• **What the exercise asks**: Repeat only the lines below that run from the line with "Pigeon Nestled In" to the line with "Łoś (Alces alces)", ends included; skip every picture.

• **Source records**:
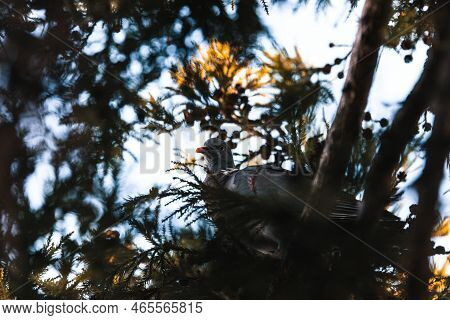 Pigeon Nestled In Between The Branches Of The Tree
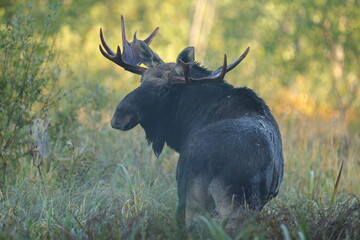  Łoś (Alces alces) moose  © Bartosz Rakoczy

==

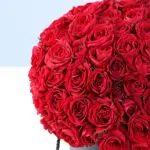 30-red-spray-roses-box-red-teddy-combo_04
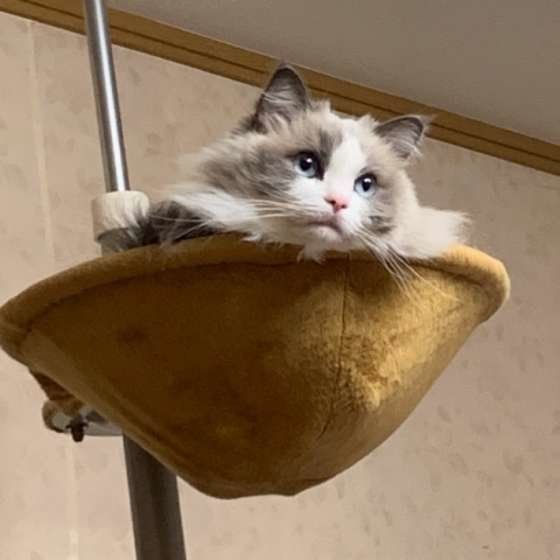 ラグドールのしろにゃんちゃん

• **Exercise output**:
 Pigeon Nestled In Between The Branches Of The Tree
  Łoś (Alces alces) moose  © Bartosz Rakoczy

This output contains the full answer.